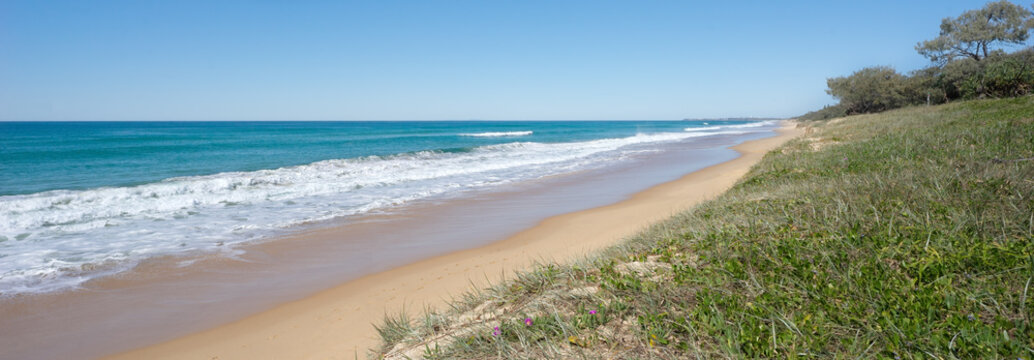 Ocean, breaking waves, shoreline and vegetated sand dunes at Buddina beach, Kawana on Queensland's Sunshine Coast.
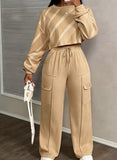 Printed Casual Cropped Sweatshirt And Wide-leg Pants Set brandscluster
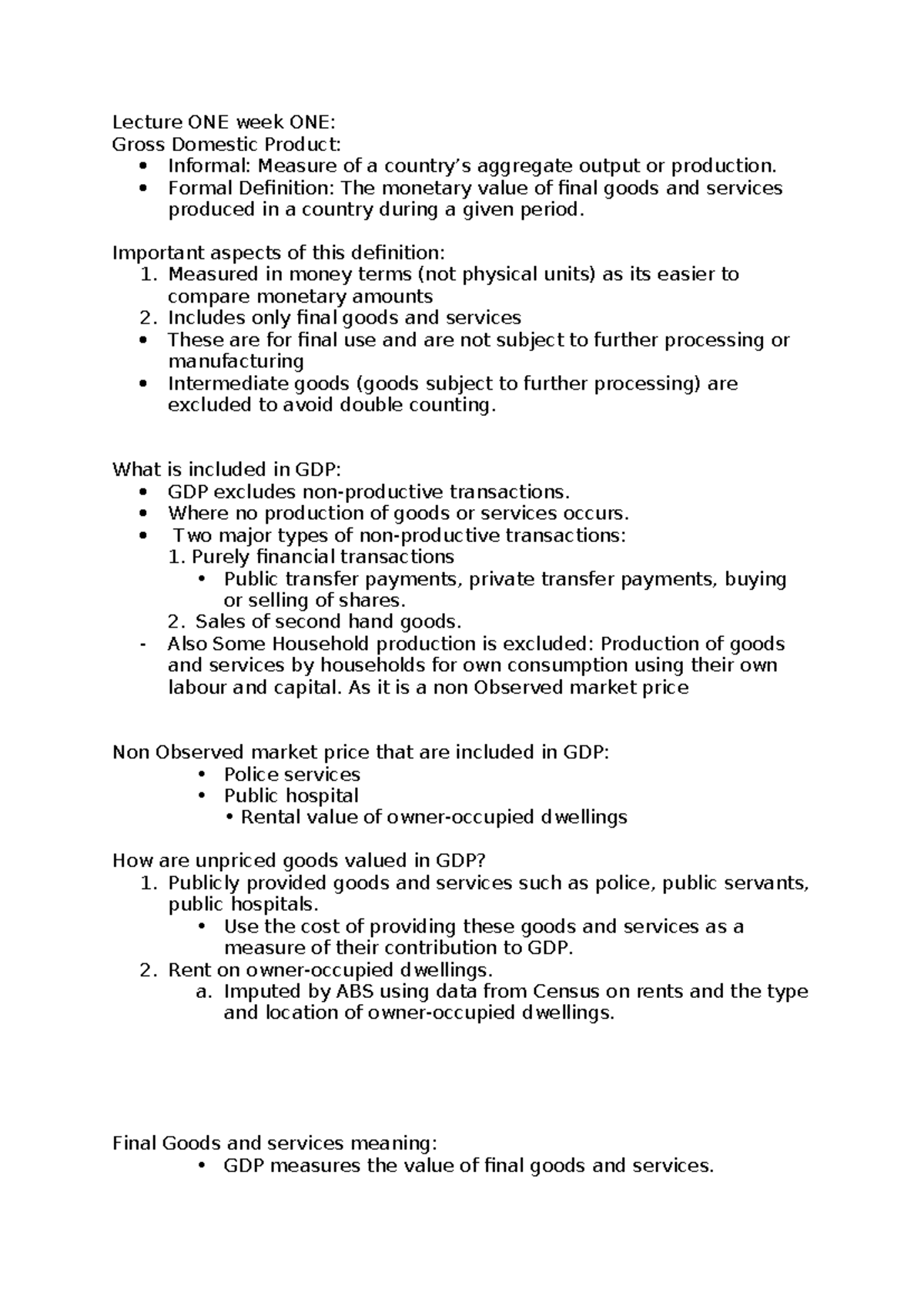 ECON1102 Lecture Notes: GDP, Employment, and Economic Measures - Studocu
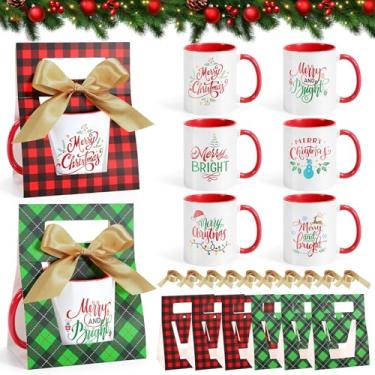 Imagem de LemonRoad 12 conjuntos de canecas de café de Natal com caixas de caneca 340 g xícaras de café de cerâmica Feliz Natal com caixas de presente fita para presente de festa de inauguração de casa de Natal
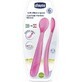 CHICCO Silicone spoon 2 pcs pink 6m+ 1×1 pcs, gentle for baby's gums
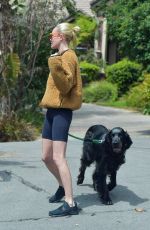 KATE BOSWORTH in a Cozy Fleece Jacket Out with Her Dog in Los Angeles 04/02/2020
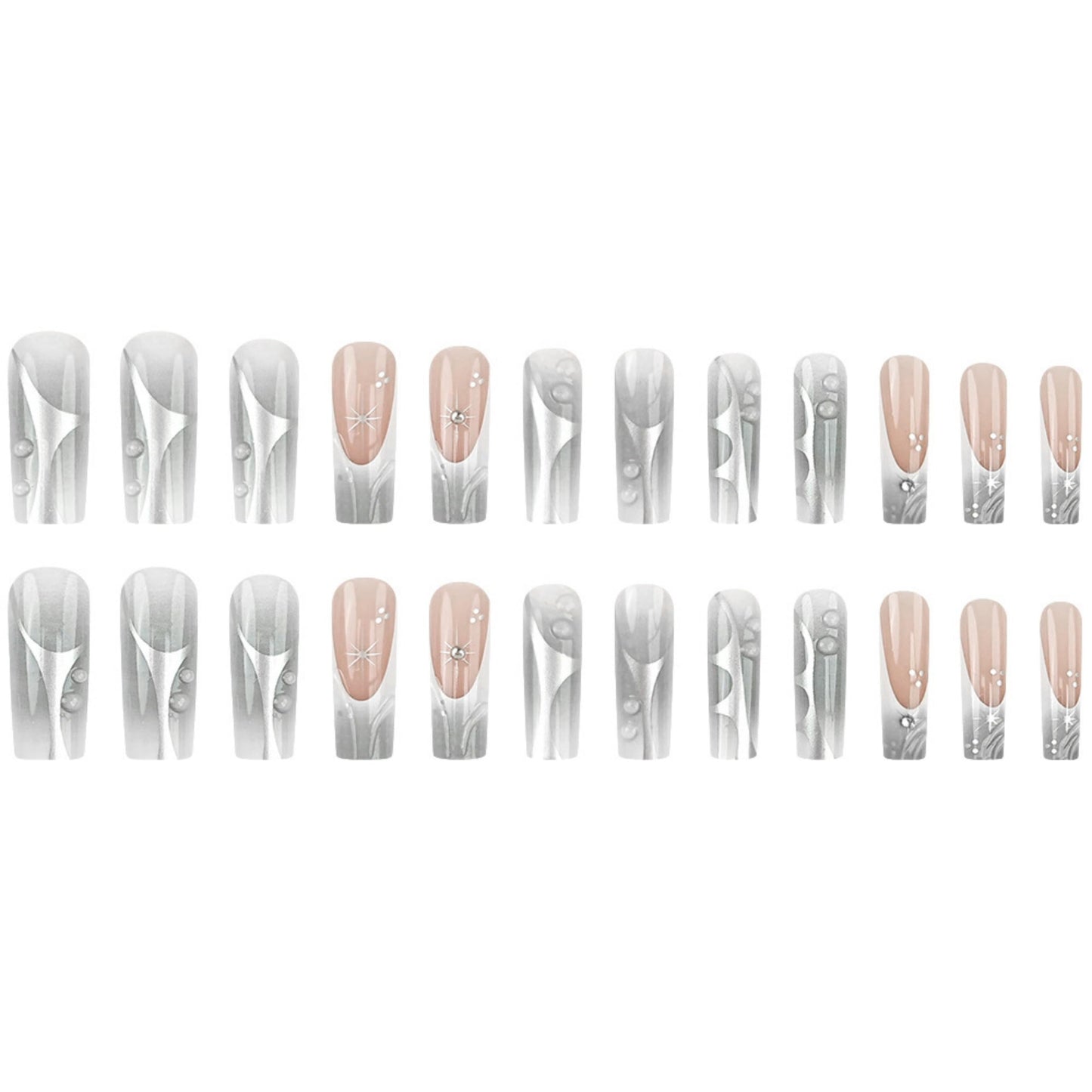 Long Press on Nails Square Fake Nails Silver Acrylic Nail Press ons Seeneey Rhinestones Sparkly Stick on Nail for Women 24pcs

▬▬▬

> [What you are asked to do]: Repeat each line of the material, unaltered, from the first through the line with "Imagem de LemonRoad", and include no pictures.

> [Finished exercise]:
 Ocean, breaking waves, shoreline and vegetated sand dunes at Buddina beach, Kawana on Queensland's Sunshine Coast.
 Printed Casual Cropped Sweatshirt And Wide-leg Pants Set brandscluster
 ECON1102 Lecture Notes: GDP, Employment, and Economic Measures - Studocu
 Imagem de LemonRoad 12 conjuntos de canecas de café de Natal com caixas de caneca 340 g xícaras de café de cerâmica Feliz Natal com caixas de presente fita para presente de festa de inauguração de casa de Natal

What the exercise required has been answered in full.